Vanitaracin A is an anti-hepatitis B virus (anti-HBV) compound isolated from the culture broth of the fungus Talaromyces sp. Vanitaracin A inhibits the entry of HBV into target cells with sub-micromolar IC50 values. While a structure-activity relationship study is highly desirable, a synthetic approach still needs to be developed, which is difficult because the absolute configurations of the six stereogenic centers in the structure of vanitaracin A have not yet been determined.

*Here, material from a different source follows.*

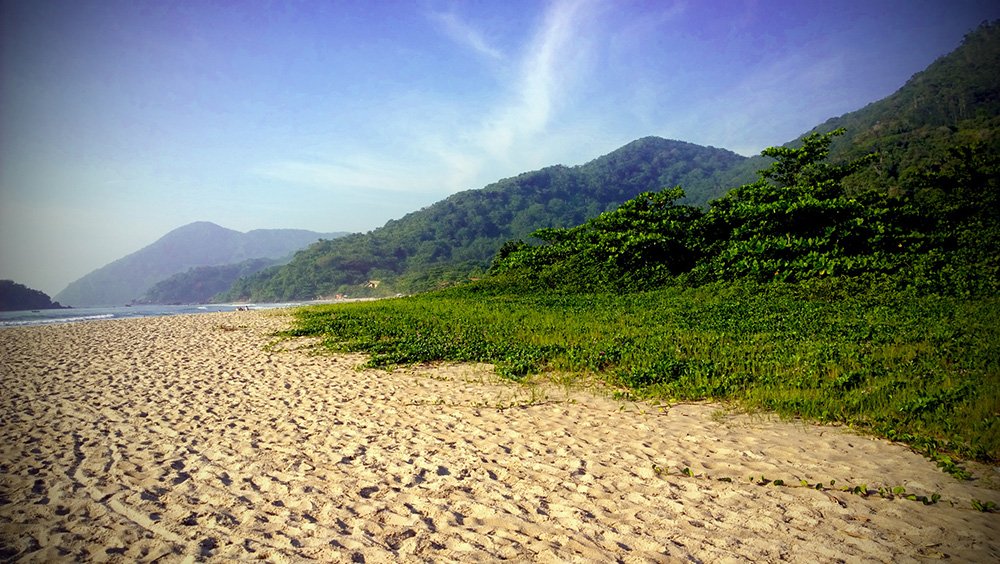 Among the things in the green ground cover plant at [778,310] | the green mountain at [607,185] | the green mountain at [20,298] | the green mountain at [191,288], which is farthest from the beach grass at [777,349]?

In the present study, we used the crystalline sponge method to clarify the configuration of the compound after determining the absolute configuration of the secondary alcohol using a modified Mosher ester method. Combining these analyses with the NOESY spectrum of vanitaracin A and NMR analyses of the crude side-chain carboxylic acid obtained by the alkaline hydrolysis of vanitaracin A revealed the absolute configurations of all stereogenic centers in this important compound.